Ogni volta è il record negativo: l’anno più caldo di sempre, quello meno piovoso, quello con più anidride carbonica nell’atmosfera o con meno ghiaccio nell’Artico. E certamente non conforta sapere che nonostante gli impegni e gli investimenti in tecnologie di decarbonizzazione decisi a livello globale, allo stato il pianeta è in rotta per un aumento della temperatura media di circa 3 gradi centigradi a fine secolo. Non è dunque un caso se gli scienziati pensano di affiancare alla inevitabile riduzione delle emissioni di CO2 le cosiddette «emissioni negative». Ovvero, soluzioni per rimuovere su larga scala dall’atmosfera l’anidride carbonica già emessa.
Tradizionalmente gli ambientalisti vedono con sospetto questo tipo di risposte al problema del riscaldamento globale. Il timore è che divengano una scusa per continuare a inquinare impunemente. Ma guardando freddamente ai numeri, è ormai chiaro che sarà difficile fare a meno di una strategia di «emissioni negative». Come spiega Ottmar Edenhofer, dell’autorevole Pik di Potsdam e membro dell’Ipcc, «la possibilità di centrare gli obiettivi di Parigi dipenderà moltissimo da quanto potremo fare in tema di emissioni negative».
Per definizione la più efficiente «macchina» per assorbire CO2 dall’aria e fissarla è anche quella meno costosa e più facile da realizzare: si tratta dei comunissimi alberi.

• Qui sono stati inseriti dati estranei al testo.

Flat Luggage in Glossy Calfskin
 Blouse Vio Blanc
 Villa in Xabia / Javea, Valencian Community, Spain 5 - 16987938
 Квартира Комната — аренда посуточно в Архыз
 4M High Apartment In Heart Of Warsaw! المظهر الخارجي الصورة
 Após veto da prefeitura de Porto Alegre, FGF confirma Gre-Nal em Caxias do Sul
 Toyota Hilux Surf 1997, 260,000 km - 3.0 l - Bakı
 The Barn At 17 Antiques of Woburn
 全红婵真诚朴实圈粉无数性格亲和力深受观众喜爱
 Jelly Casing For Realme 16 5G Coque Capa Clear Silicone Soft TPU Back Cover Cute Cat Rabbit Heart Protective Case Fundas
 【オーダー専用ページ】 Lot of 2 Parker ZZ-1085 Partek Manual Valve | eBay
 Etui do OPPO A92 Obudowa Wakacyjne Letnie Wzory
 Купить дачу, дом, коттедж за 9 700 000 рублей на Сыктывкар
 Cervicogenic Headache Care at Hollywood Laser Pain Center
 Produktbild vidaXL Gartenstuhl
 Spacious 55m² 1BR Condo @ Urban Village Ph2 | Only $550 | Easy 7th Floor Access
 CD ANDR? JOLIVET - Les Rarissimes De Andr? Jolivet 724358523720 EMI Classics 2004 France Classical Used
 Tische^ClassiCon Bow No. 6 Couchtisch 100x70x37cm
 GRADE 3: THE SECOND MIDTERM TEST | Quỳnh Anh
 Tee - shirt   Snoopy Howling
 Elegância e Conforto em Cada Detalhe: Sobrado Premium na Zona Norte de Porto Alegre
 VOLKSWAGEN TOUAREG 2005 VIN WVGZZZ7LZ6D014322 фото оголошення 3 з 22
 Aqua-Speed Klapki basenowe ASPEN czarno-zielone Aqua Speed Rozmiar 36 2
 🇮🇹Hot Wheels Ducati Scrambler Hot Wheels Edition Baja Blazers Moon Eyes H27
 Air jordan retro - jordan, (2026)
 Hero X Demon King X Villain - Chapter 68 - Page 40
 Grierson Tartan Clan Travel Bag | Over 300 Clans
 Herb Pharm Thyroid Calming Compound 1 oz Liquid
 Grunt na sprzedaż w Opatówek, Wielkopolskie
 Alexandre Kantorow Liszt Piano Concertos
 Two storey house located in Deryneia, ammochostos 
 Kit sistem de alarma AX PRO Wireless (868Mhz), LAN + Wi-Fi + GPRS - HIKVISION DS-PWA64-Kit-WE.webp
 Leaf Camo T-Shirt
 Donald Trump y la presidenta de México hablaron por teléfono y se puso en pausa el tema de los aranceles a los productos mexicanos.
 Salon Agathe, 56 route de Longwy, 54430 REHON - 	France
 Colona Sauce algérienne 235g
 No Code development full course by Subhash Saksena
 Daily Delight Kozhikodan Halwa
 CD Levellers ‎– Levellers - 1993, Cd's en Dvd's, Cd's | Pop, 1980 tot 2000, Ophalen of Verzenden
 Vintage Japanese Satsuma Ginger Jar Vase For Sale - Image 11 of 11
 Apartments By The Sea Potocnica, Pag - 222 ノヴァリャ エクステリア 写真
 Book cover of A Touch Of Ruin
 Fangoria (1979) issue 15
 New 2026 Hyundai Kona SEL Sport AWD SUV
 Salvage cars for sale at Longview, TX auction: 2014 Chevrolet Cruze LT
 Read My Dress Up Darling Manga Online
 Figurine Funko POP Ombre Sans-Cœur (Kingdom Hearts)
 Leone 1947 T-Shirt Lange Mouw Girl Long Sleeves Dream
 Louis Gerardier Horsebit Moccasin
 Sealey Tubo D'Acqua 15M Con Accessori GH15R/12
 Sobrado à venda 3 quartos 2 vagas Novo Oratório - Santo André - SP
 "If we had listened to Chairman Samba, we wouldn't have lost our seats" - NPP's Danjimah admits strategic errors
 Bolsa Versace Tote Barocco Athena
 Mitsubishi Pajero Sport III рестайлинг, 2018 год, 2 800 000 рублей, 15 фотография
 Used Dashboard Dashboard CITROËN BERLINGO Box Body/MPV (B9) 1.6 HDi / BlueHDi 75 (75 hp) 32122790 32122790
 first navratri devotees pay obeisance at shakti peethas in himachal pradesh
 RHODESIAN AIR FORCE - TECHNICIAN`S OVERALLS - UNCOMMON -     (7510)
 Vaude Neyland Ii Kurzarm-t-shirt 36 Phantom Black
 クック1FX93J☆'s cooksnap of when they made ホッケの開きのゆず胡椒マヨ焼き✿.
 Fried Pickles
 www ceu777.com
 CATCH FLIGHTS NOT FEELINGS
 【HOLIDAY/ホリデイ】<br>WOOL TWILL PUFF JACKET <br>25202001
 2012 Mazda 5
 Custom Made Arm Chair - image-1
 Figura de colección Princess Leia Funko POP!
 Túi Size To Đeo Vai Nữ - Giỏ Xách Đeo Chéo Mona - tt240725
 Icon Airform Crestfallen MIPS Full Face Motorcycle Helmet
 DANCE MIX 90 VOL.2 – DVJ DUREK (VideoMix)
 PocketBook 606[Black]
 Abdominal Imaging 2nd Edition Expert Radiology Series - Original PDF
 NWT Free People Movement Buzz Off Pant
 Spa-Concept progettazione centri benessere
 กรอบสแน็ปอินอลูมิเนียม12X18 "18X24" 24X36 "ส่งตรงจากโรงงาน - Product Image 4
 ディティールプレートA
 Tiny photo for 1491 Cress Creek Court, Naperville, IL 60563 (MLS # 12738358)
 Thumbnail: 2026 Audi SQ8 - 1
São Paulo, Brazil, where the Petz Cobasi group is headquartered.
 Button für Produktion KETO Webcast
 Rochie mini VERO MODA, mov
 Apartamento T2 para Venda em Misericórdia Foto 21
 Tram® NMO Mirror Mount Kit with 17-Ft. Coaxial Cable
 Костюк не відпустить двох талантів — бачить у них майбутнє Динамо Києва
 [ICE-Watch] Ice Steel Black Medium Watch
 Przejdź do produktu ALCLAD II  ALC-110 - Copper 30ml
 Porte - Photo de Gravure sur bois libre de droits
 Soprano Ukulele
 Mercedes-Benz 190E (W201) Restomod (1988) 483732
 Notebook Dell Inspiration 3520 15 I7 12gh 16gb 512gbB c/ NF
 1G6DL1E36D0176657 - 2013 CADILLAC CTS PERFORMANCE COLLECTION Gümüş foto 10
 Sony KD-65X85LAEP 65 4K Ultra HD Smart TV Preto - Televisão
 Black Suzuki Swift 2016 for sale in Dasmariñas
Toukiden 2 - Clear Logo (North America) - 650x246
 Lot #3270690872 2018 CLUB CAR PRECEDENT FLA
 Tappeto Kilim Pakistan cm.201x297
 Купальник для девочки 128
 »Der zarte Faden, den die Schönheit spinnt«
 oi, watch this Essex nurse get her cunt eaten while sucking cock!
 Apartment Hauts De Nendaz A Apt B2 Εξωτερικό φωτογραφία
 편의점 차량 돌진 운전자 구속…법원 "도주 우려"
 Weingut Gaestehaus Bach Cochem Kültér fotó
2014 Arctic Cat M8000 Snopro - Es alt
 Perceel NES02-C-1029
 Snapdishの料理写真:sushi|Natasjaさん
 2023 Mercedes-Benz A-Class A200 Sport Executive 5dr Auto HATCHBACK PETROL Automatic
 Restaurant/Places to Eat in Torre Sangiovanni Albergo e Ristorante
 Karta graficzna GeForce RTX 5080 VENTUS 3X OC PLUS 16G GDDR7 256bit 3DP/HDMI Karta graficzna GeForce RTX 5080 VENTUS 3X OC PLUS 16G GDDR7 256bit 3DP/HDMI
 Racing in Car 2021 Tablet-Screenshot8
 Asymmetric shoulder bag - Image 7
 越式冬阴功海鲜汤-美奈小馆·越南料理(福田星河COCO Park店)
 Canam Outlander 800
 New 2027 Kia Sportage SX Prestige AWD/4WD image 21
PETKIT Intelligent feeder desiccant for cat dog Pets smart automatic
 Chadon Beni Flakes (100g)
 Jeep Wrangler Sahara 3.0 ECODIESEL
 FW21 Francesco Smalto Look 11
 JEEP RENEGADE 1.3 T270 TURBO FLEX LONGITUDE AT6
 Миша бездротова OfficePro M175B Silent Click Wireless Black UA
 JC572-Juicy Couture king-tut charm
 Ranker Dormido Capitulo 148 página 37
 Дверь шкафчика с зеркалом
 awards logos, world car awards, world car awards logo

Riforestare – ma anche ricostruire le zone umide costiere, le torbiere e le praterie, grandi assorbitrici di anidride carbonica – è e sarà dunque la strada maestra e più «naturale». Ma aziende e scienziati scommettono su nuove tecnologie per «succhiare» direttamente dall’aria l’anidride carbonica attraverso un procedimento chiamato Direct Air Capture (Dac).
La Dac sembra una soluzione fantascientifica, ma in realtà già funzionano almeno tre sistemi in grado di assorbire il più diffuso dei gas serra dall’aria. Sistemi per adesso sperimentali, di piccolissime dimensioni, oltre che non ancora economicamente sostenibili, visto che per eliminare una sola tonnellata di CO2 bisogna spendere 600 dollari. C’è quello degli svizzeri della Climeworks, quello dei canadesi di Carbon Engineering, e quello degli americani di Global Thermostat. Fondamentalmente agiscono tutti sulla base dello stesso principio: attraverso grandi sistemi di ventole aspiranti l’aria viene fatta passare attraverso uno speciale filtro, che assorbe e «blocca» la CO2. Che poi può essere «stabilizzata», o trasformata in carburante o fertilizzanti.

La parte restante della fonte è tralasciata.